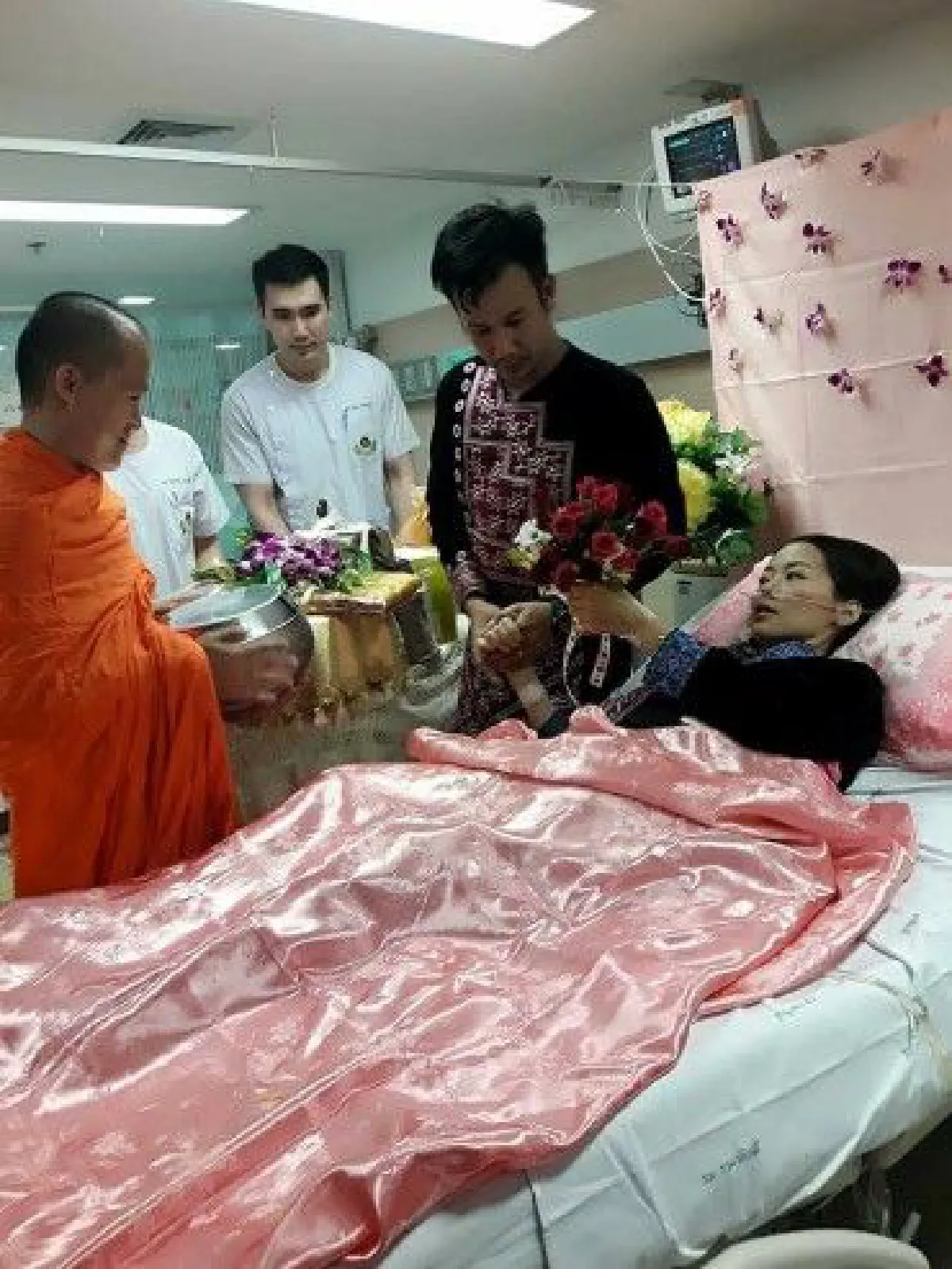 สุดซึ้ง! หนุ่มจัดงานวิวาห์บนเตียงคนไข้ หลังแฟนสาวป่วยหนัก หมอ-พยาบาลร่วมเป็นสักขีพยาน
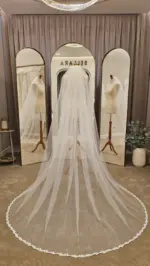 Voal de mireasă lung ivory din tiul fin cu sclipici și bordură florală brodată – 2,5 m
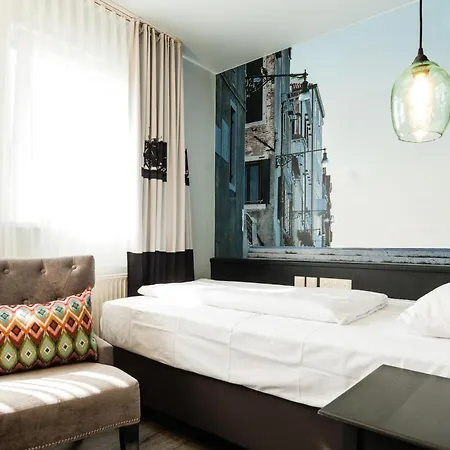 Hotel Western Am Hauptbahnhof 3*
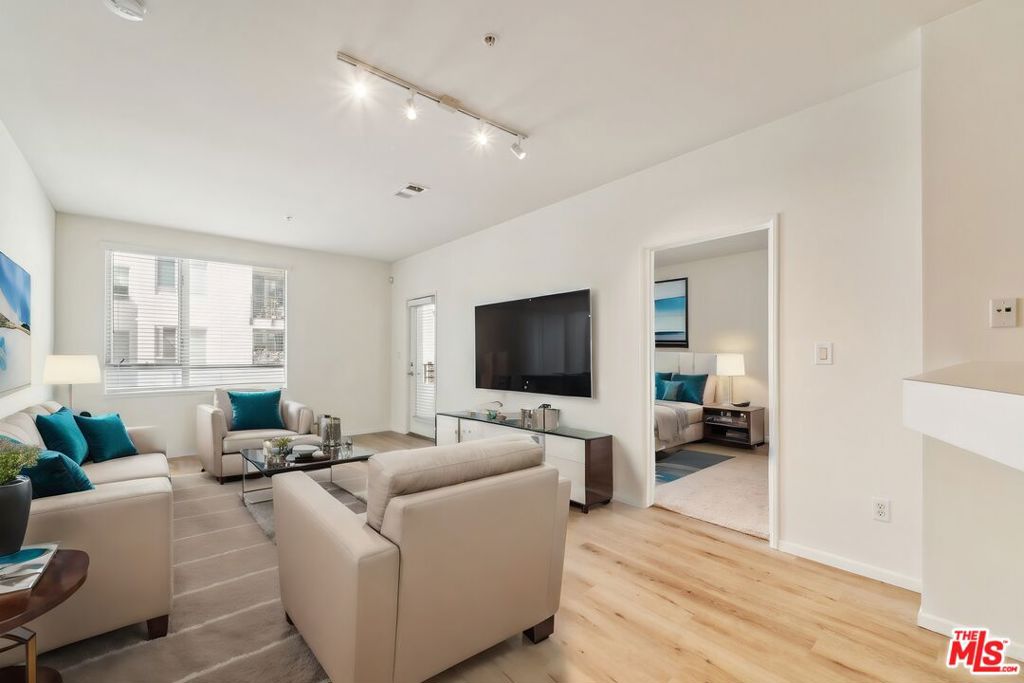 6400 Crescent Parkway #217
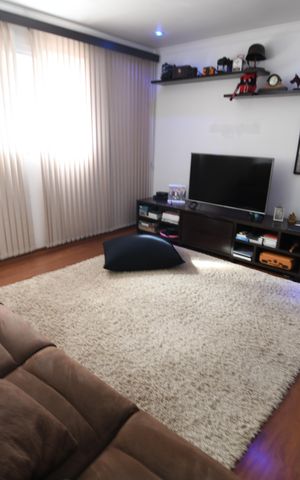 Casa à venda com 394m², 3 quartos e 4 vagasSala de TV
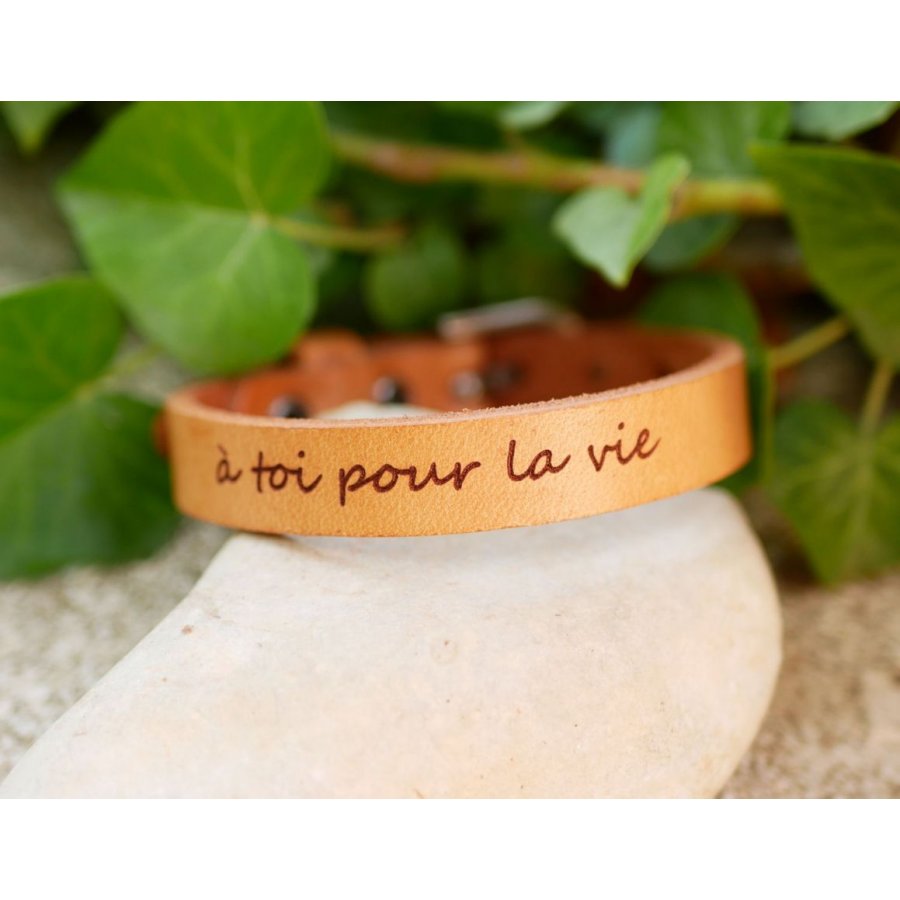 Natural leather bracelet engraved to personalize 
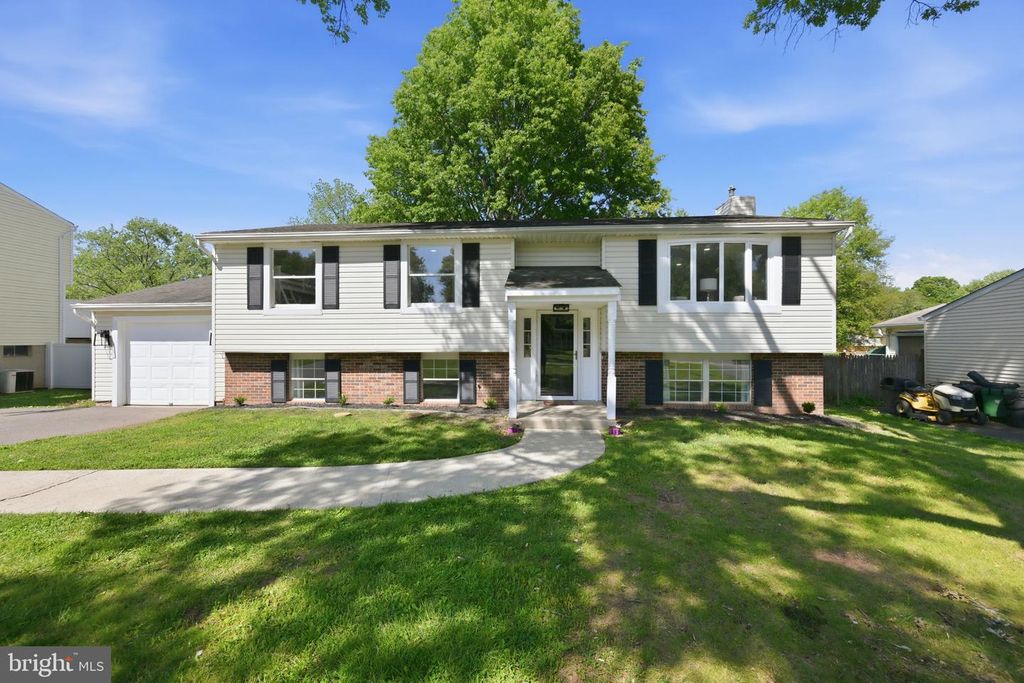 19213 WOOTTON AVE, Poolesville, MD 20837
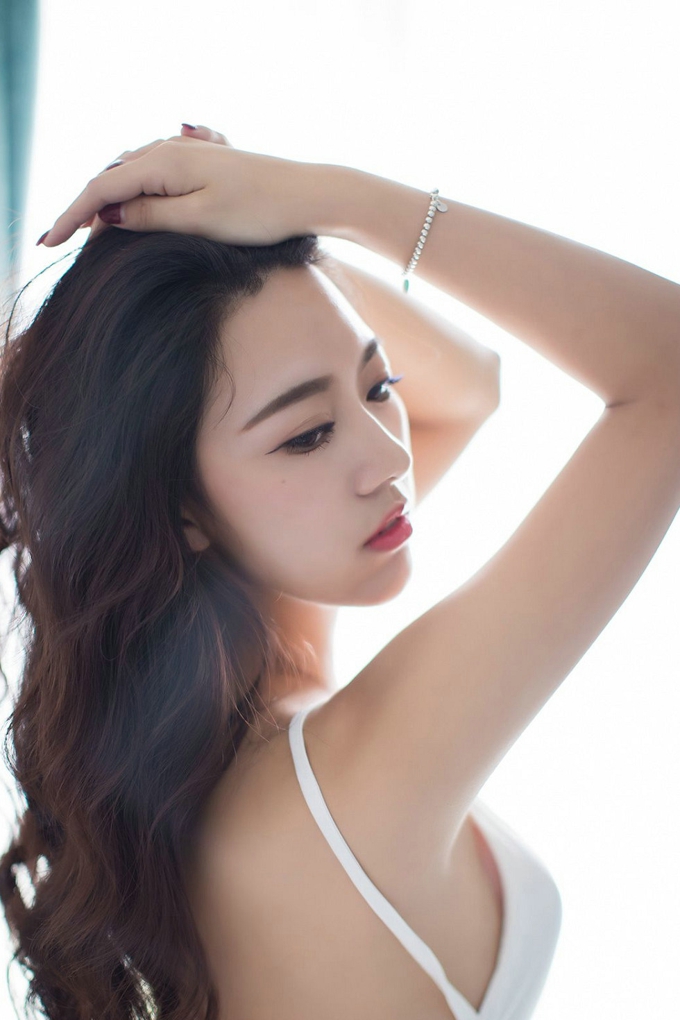 迷人气质嫣儿露背连衣裙诱惑勾魂妖娆居家私房写真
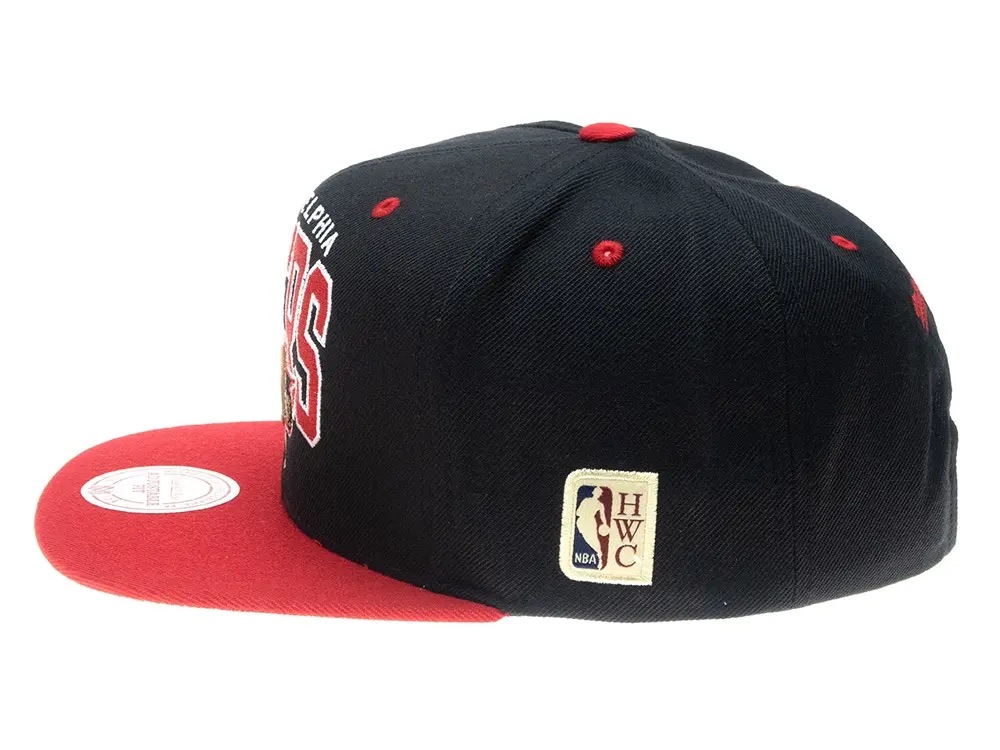 Mitchell & Ness Philadelphia 76ers HWC Team Arch Snapback Cap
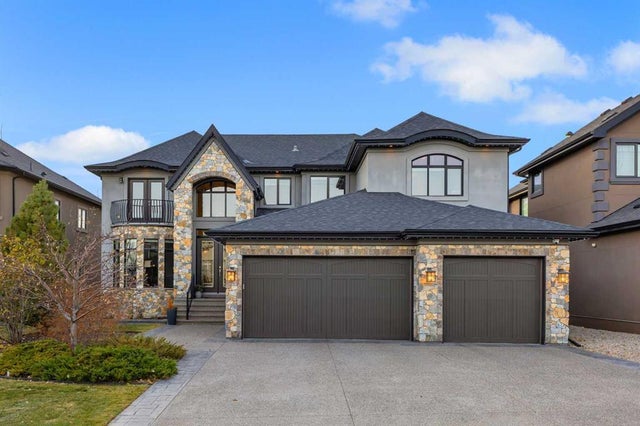 32 Aspen Ridge Manor Sw, Calgary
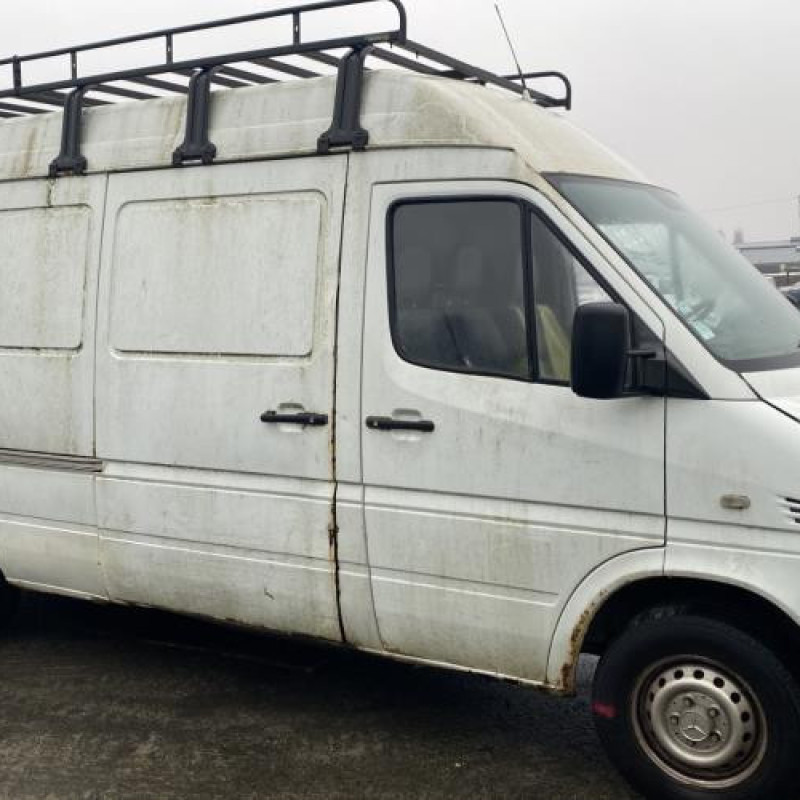 Custode avant gauche (porte) MERCEDES SPRINTER 1 Photo n°11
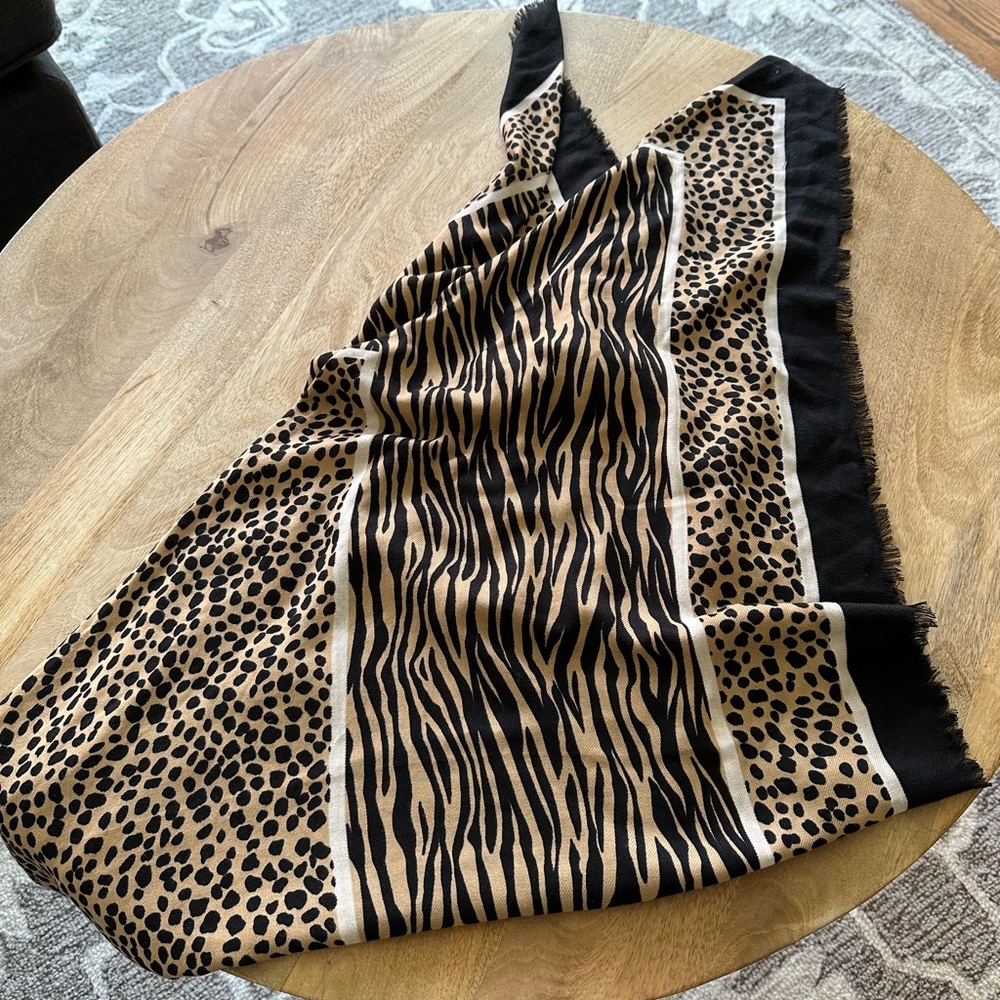 Leopard/striped patterned scarf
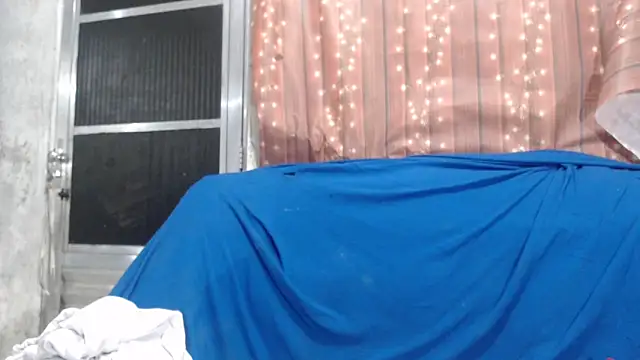 Venusluxodomme online show from April 2026 02:14:01 AM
----
(Assignment)
Going back to the data above, write out everything from the line with "6400 Crescent Parkway #217" down to the line with "Leopard/striped patterned scarf", both included, leaving every picture out.

(Answer below)
 6400 Crescent Parkway #217
 Casa à venda com 394m², 3 quartos e 4 vagasSala de TV
 Natural leather bracelet engraved to personalize 
 19213 WOOTTON AVE, Poolesville, MD 20837
 迷人气质嫣儿露背连衣裙诱惑勾魂妖娆居家私房写真
 Mitchell & Ness Philadelphia 76ers HWC Team Arch Snapback Cap
 32 Aspen Ridge Manor Sw, Calgary
 Custode avant gauche (porte) MERCEDES SPRINTER 1 Photo n°11
 Leopard/striped patterned scarf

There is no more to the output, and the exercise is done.